São muitos os pensadores do político que apontam para o modo
como os poderes instituídos, ou a hegemonia, exerce esse seu poder de forma
insidiosa e praticamente absoluta por legislar igualmente sobre o possível
espaço de dissensão dos seus próprios discursos. Isto é, sendo eles mesmos que
criam as regras de quem pode falar, quando pode falar, como pode falar e sob
que condições, não é de surpreender que todo e qualquer discurso que esteja
fora desse campo de possibilidade seja visto como “não-discurso”. E há várias
maneiras de o entender, apelidando-o de “radical”, “mal-educado”, “não conforme
as regras da discussão democrática”, “insatisfeitos permanentes”, “desinteressados
em contribuir de forma positiva ou construtiva”, “bota-abaixo”, e por aí fora. Mas
se se apenas podem discutir os discursos principais e legais através das suas
próprias regras, como se esperará alguma vez que possa haver um discurso
verdadeiramente anti-hegemónico? (Mais)
Contemporaneamente, talvez seja Jacques Ranciére quem
explorou esta questão de uma forma clara e produtiva em termos da filosofia do
político, quando distingue a “política propriamente dita” do que ele chama de “polícia”,
a qual ele define, “por princípio, uma ordem dos corpos que define a
distribuição entre os modos do fazer, os modos de ser e os modos do dizer, que
fazem com que a esses corpos sejam indicados exclusivamente um lugar e a um
papel específicos. É uma ordem do visível e do dizível que faz com que certa
actividade seja visível e outra não, que certa palavra seja entendida como
discurso e outra como ruído” (La mésentente. Politique
et Philosophie).
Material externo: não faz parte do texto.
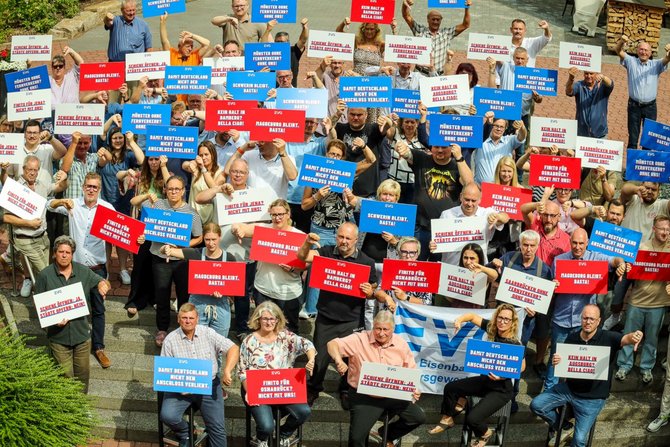 Große Gruppe von Menschen steht dicht beieinander im Freien und hält Schilder in die Kamera. Viele Schilder sind rot, blau oder weiß und tragen kurze Texte in Großbuchstaben sowie das Logo „EVG“. Einige Personen heben die Schilder über den Kopf, andere halten sie vor der Brust. Im Vordergrund sitzen einzelne Personen auf Stufen oder stehen auf einer Treppe; dahinter stehen weitere Menschen. Ein großes Banner mit der Aufschrift „EVG Eisenbahn- und Verkehrsgewerkschaft“ ist sichtbar. Die Umgebung zeigt Pflasterflächen, Treppen und etwas Grün im Hintergrund.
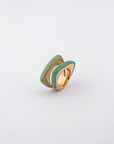 The Delta Ring by For Art's Sake® is a modern gold ring with a unique layered design, featuring two parallel sections of glossy enamel in light green and mint green. These sections create a sleek, curved effect on either side of the gold band, adding a bold splash of color against the plain white background.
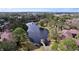 Aerial view of condo community surrounding a pond with a gazebo at 2679 Sabal Springs Cir # 102, Clearwater, FL 33761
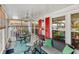 Relaxing screened porch featuring cozy seating, a ceiling fan, and colorful decor at 3192 Running Deer Path, Kissimmee, FL 34746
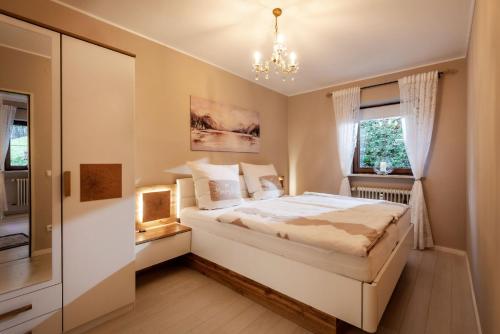 En eller flere senge i et værelse på Bergschlössl Ferienwohnung Nr. 1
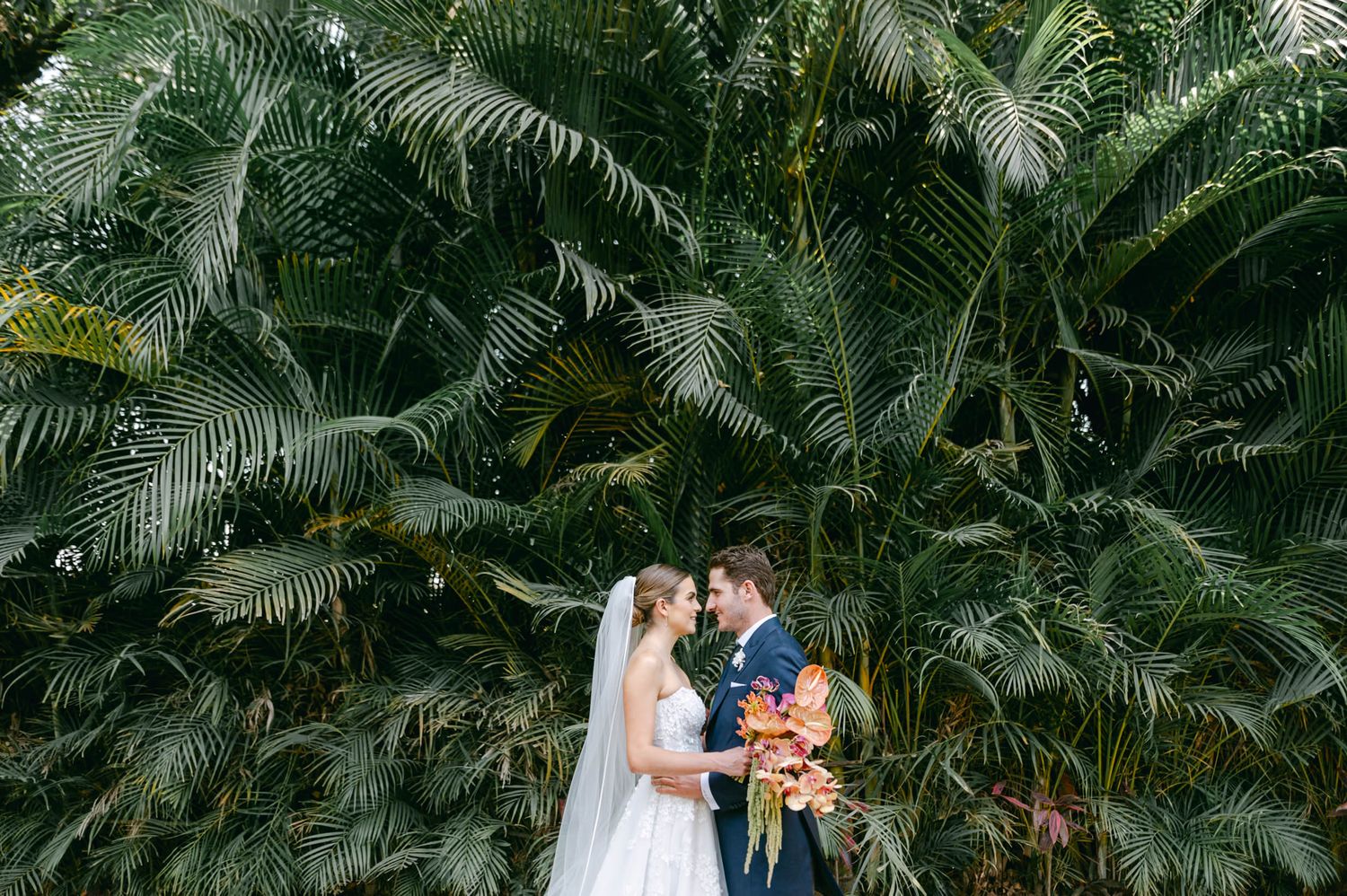 Bride and groom sharing a romantic moment surrounded by lush tropical palm foliage.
A polícia é portanto o exercício da política num
sentido estrito e institucionalizado, com que a maioria dos cidadãos acaba por
se sentir insatisfeito e até mesmo apático, o que resulta no esboroamente
progressivo da democracia parlamentar e representativa, ao passo que a política
propriamente dita é “o conflito sobre a existência de uma cena comum, sobre a
existência e a qualidade daqueles que se fazem presentes” (esta tradução pode
estar algo mal-amanhada). Por outras palavras, a política propriamente dita é a
conquista mesmo de um (novo?) espaço de discursividade política, a da
emergência de uma nova subjectividade política, a auto-criação de um sujeito
político.
Sobre os 4 primeiros números da Buraco, já havíamos falado, e remetemos a essas considerações para
compreender em que medida é que um projecto que aparentemente tinha surgido
como uma quase concentrada vontade de “voltar à banda desenhada” de um grupo de
artistas do Porto e convidados, acabou por se associar a movimentos de
contornos explícitos de acção política propriamente dita, que foram alargando o
espaço possível da voz e acção naquela cidade. Se todo e qualquer gesto
criativo é sempre desde logo político, existem alguns porém que o são de forma
mais explícita porque engajados em pormenores ou referências claras. Esse é o
caso de Buraco.
Neste último projecto, a qualidade mutante em termos formais
continua. Este número consiste tão-somente num “mix and match book”, em que
várias imagens de rostos se encontram divididos em três lamelas recombináveis,
criando-se uma multiplicidade de novos rostos recombináveis. A singularidade deste
livro é que os rostos que compõem o livro são colhidos entre toda uma série de
personalidades públicas portuguesas (um caso de um estrangeiro, mas até pelas suas aquisições, cidadão certamente honorário),
sobretudo de agentes políticos do dito “arco da governação”, mas passando ainda
por agentes financeiros, desportistas, apresentadores de televisão e outras
personalidades famosas. Além disso, o colectivo resolveu colocar pelo meio
rostos de alguns animais, do porco à raposa, passando pelo tubarão e o morcego.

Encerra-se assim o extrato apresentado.